Le débat porte sur plusieurs millions de dollars et on comprend aisément qu'il puisse devenir houleux. Après des mois de discussions entre cabinets de lobbyistes et parlementaires, le débat a débarqué au Congrès, saisi d'une réforme globale des télécommunications.
Les uns, comme la sénatrice républicaine Olympia Snowe, défendent "la neutralité de l'internet" - soit un trafic sans péage sur la toile.

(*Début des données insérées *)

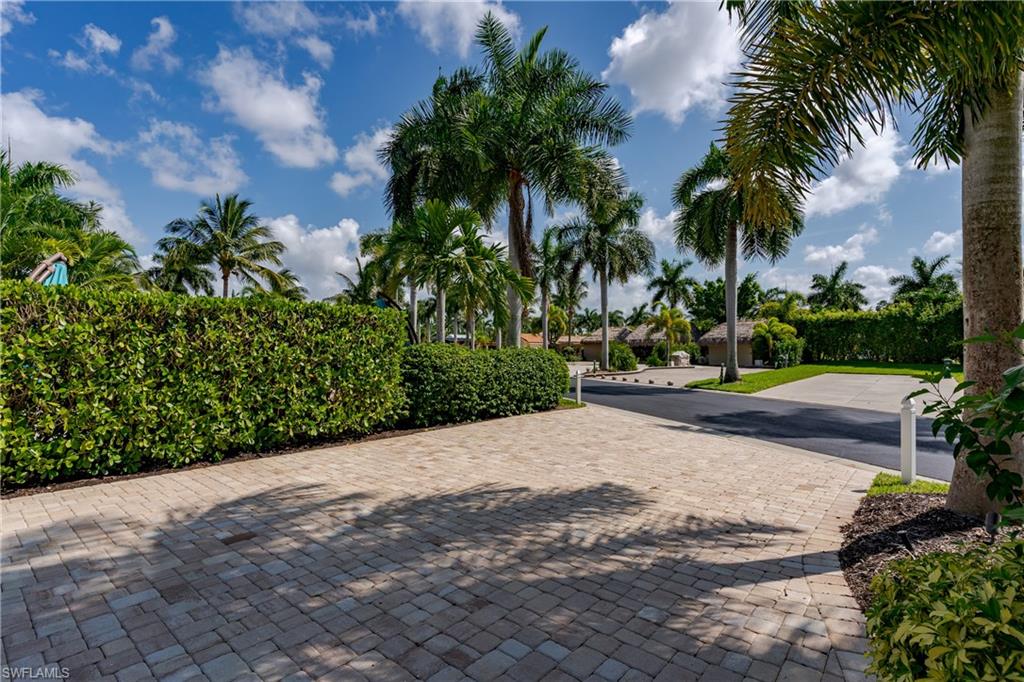 13565 Snapper Ln Property Photo 10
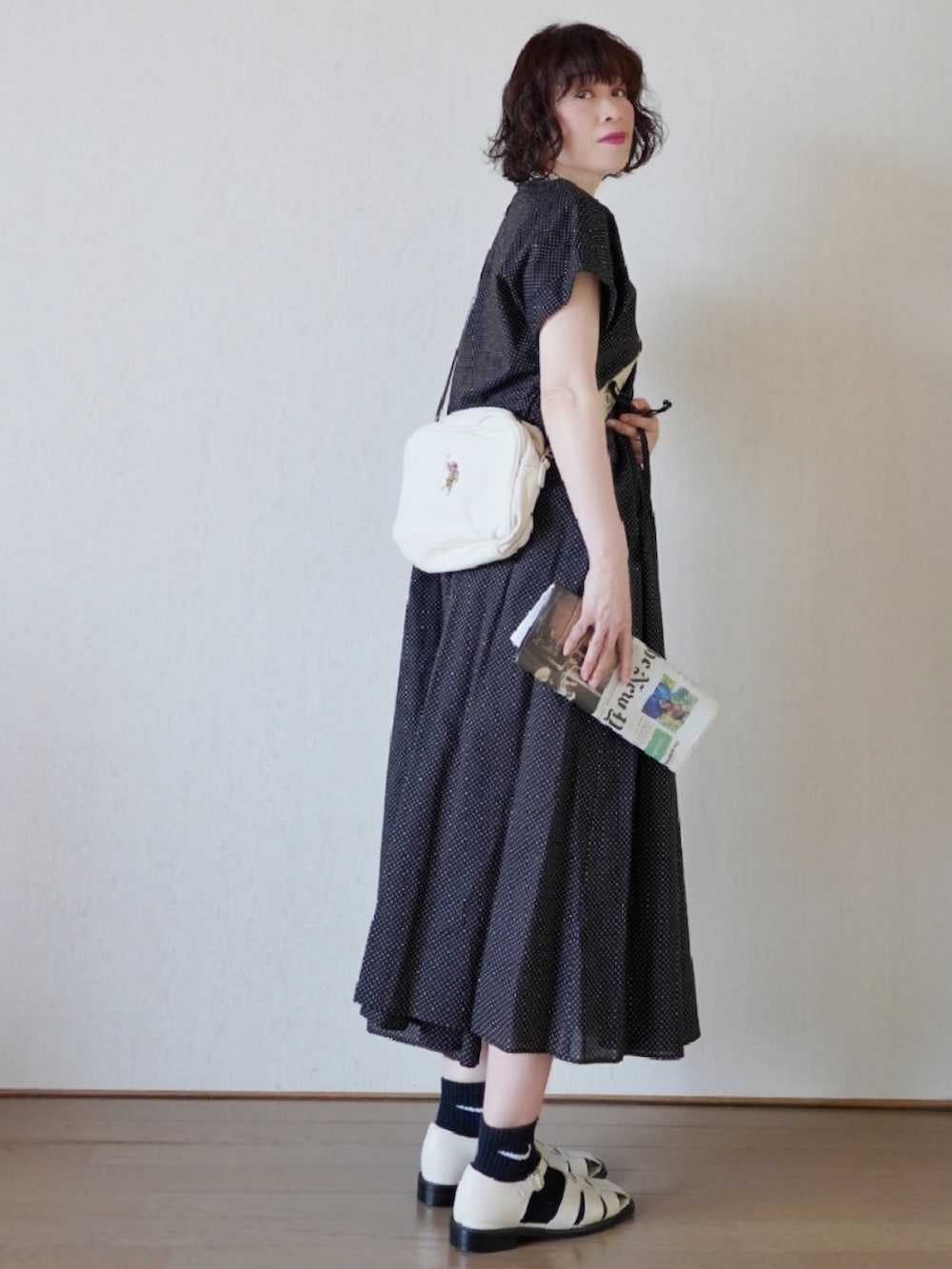 「agnes b.、tobbyagnesb、ロングワンピース、USポロ、uspolo、uspoloassn、グルカサンダル、モノトーン、モード、休日スタイル、低身長」｜「To b. by agnes b.のWEB限定 WU22 ROBE ドットロングドレス（ワンピース、ブラック系）」を使った、Megchuさん（骨格ナチュラル・レディース・155cm）の春コーディネートの2枚目の写真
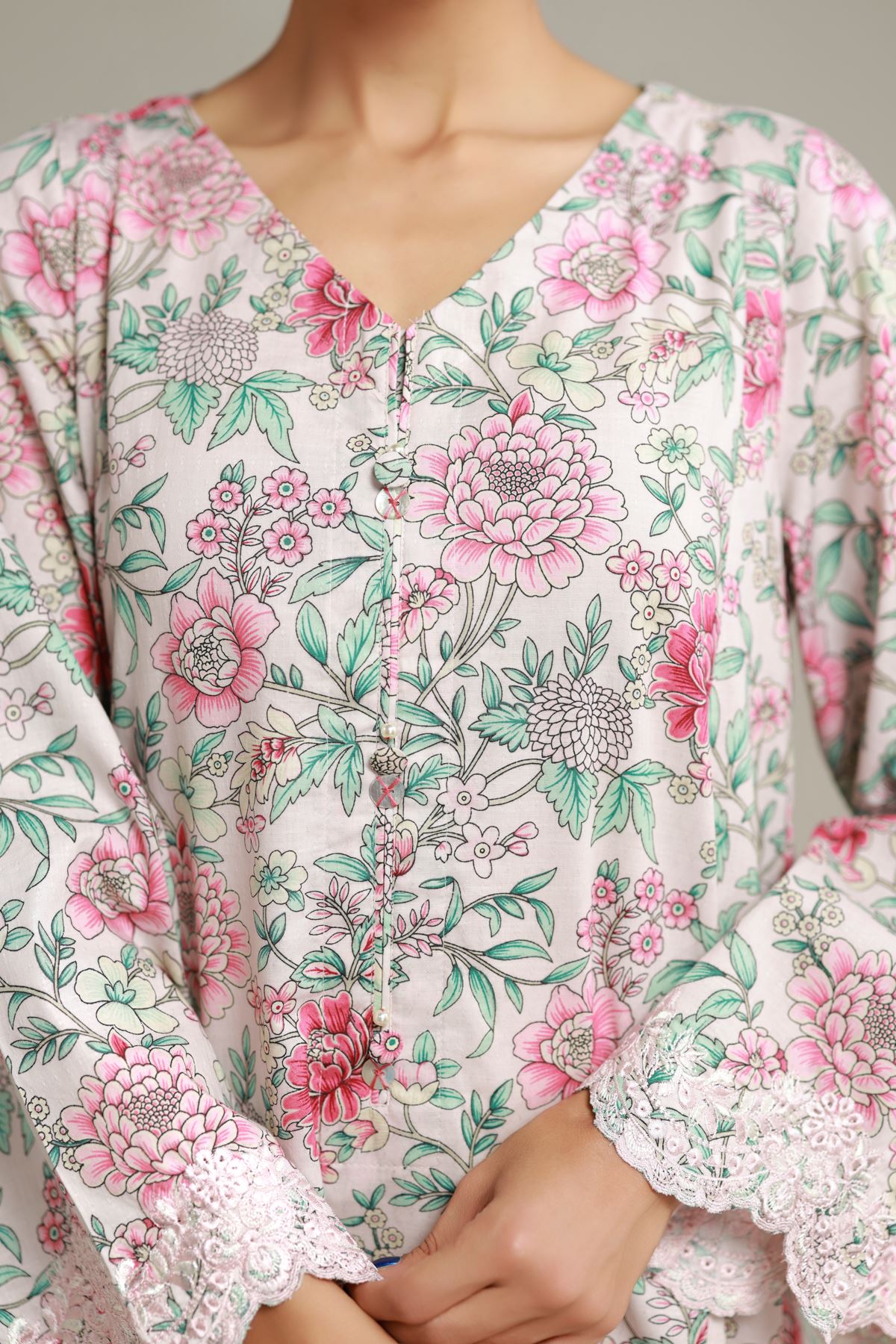 Embroidered Cotton Dobby Floral Longline Kurta - 26-02-1E13-02TA-VG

Olympia Snowe déclare même que "si le Congrès n'y prend garde, l'offre de services internet va finir par ressembler à l'offre de télévision par câble, où les opérateurs décident eux-mêmes du contenu des bouquets correspondant à chaque niveau d'abonnement".
Les autres, les grands des télécoms appuyés par des associations de consommateurs et certains milieux économiques, expliquent qu'ils veulent permettre à certains types d'utilisateurs d'être prioritaires pour livrer leurs contenus, et que ce projet implique des travaux de modernisation, réalisables, de par leur coût, uniquement s'ils en retirent un bénéfice financier.
Pour préserver la neutralité du net, le représentant démocrate Ed Markey voudrait que soit stipulé dans la loi "tout fournisseur d'accès à bande large a le devoir de ne pas bloquer, gêner, dégrader, discriminer ou interférer avec la capacité de chacun à utiliser un accès à bande large pour accéder, utiliser, envoyer, recevoir ou proposer des contenus [..] sur internet".
En début de mois, la Chambre des représentants avait voté en majorité pour l'internet à péage proposé par les opérateurs et fournisseurs. Le Sénat semble également se diriger dans ce sens et devrait donc adopter cette réforme des télécoms américains.